Hadenglen and CEO fined over re-mortgage and PPI selling
LOSSES & LAWSUITS
In May 2006 the FSA found that Hadenglen had exposed around 2,000 re-mortgage and 1,900 PPI customers to an unacceptably high risk of buying a product that might not have been in their best interests. PPI customers were advised to purchase a product that might not have been suitable for their needs or under which they were not able to claim.
Hayes was responsible for business practices, and appropriate systems and controls for selling PPI and re-mortgages. He failed to ensure that sales practices for PPI were adequate, while his sales strategy for re-mortgages did not consider the risk that customers would have to pay an early redemption charge and other fees when re-mortgaging might have been unsuitable. Hadenglen did not gather enough information from customers and did not take into account the cost of payment protection insurance when making a recommendation.

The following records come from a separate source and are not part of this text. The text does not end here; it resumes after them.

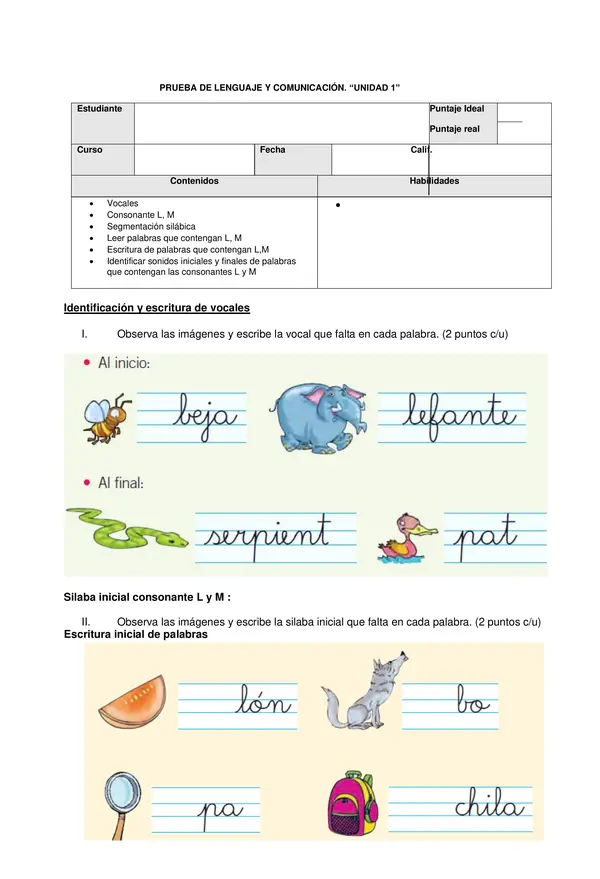 Evaluación Lenguaje unidad 1  primero básico 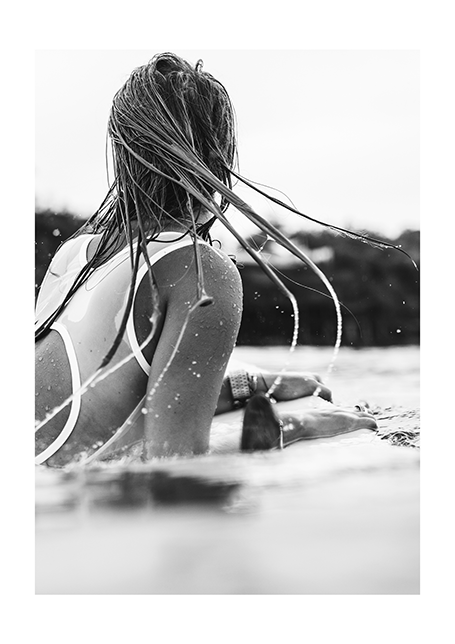 Surfergirl Surfing Poster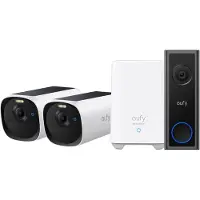Eufy E40 2-CamSet (HomeBase 2) - draadloze outdoor beveiligings camera op zonne-energie - 2K-resolutie, MaxColor nachtzicht + C30 2K Draadloze Video Deurbel 2K op Accu - Bundelvoordeel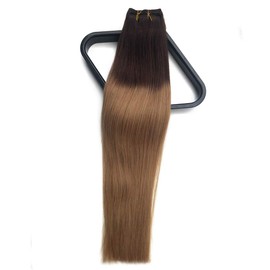 Blonde Clip in Hair Extensions Skin Weft Remy Brazilian Hair Extension 18" 7Pcs 120g Ombre Medium Brown to Strawberry Blonde Highlighted Full Head Straight Soft Thick for Women(#4T27)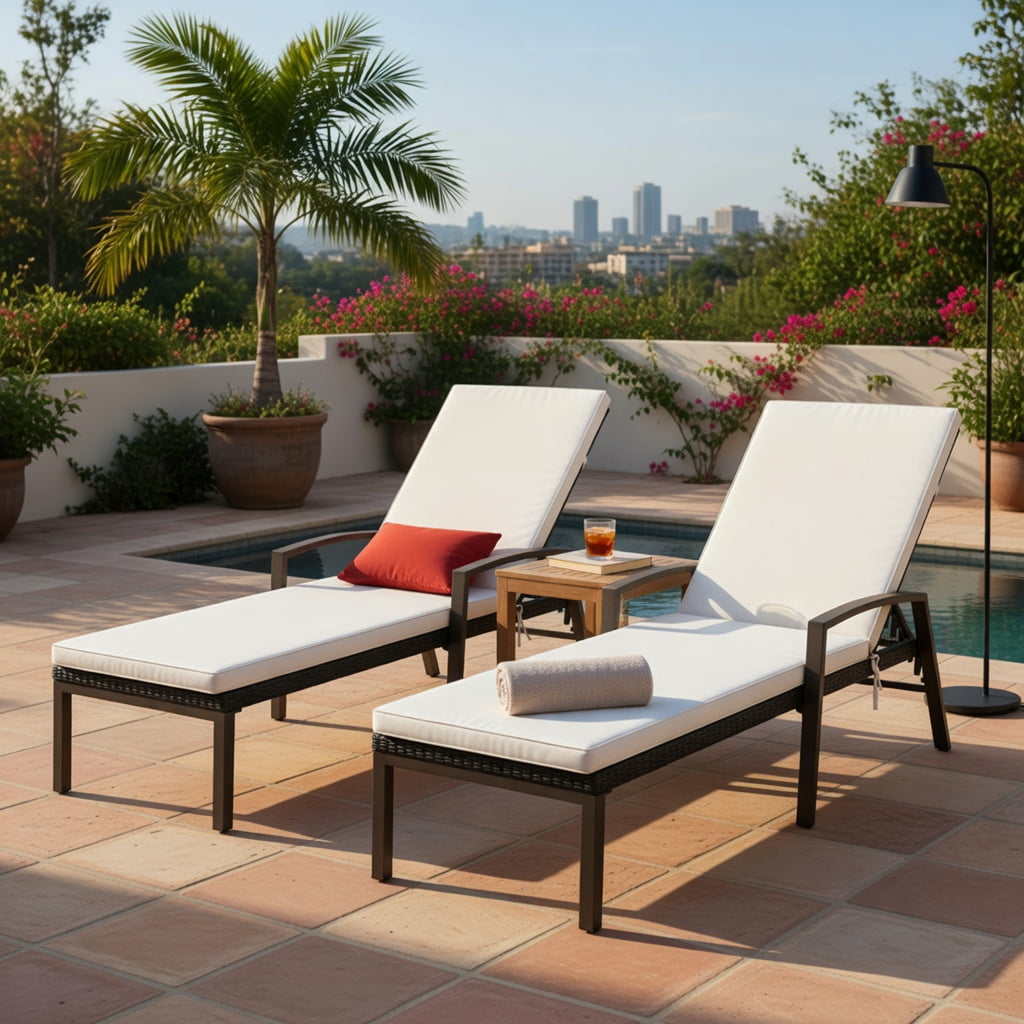 Hommoo 2-Pack Outdoor Rattan Reclining Chaise Lounge Chairs with Removable Cushions, 5-Position Adjustable Backrest for Patio, Deck or Poolside, Red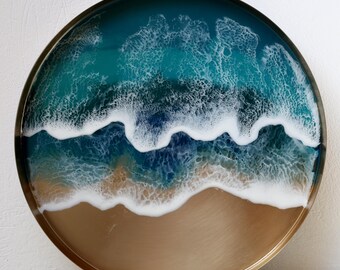 Ocean Resin Serving Tray with Waves, Metal Round Decorative Tray, Coastal Home Décor, Scratch-Resistant & Heatproof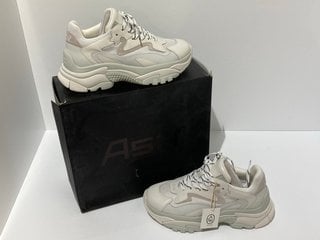 ASH WOMEN'S ADDICT CHUNKY RUNNING STYLE TRAINERS - OFF WHITE/WHITE - UK 6 - RRP £229: LOCATION - LUXURY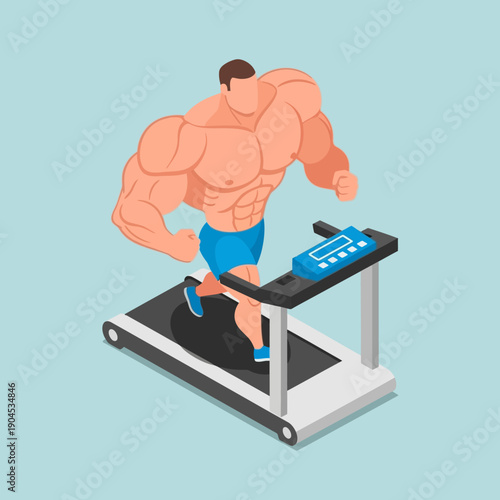 Muscular man running on a treadmill exercising.
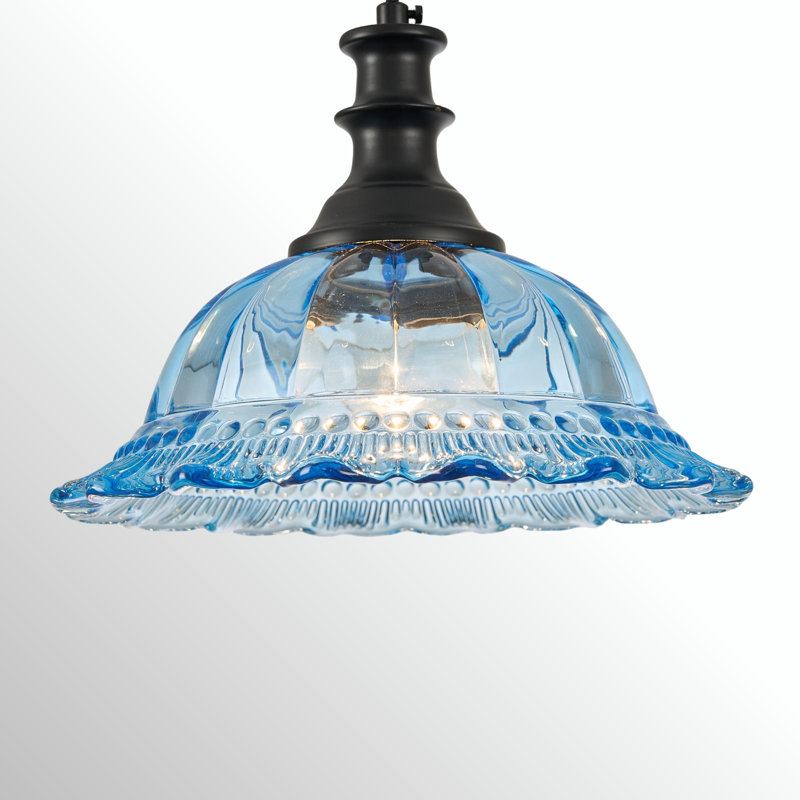 Lustre noir mat de 9,45 po, H 6,69 po x l 9,45 po x P 9,45 po, Bleu, Matte Black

The fines would have been much higher had Hayes not in the interim implemented a comprehensive review of systems and controls, retaining external consultants to advise on the process. Hadenglen has now implemented a remedial action plan for its consumers, including a customer-contact exercise and amendments where appropriate.
Hayes and Hadenglen also agreed to an early settlement to the FSA investigation, qualifying under the executive settlement procedures for a 30% discount. Despite this, the FSA said its judgment should leave senior management in no doubt of being held to account should they fail to treat customers fairly.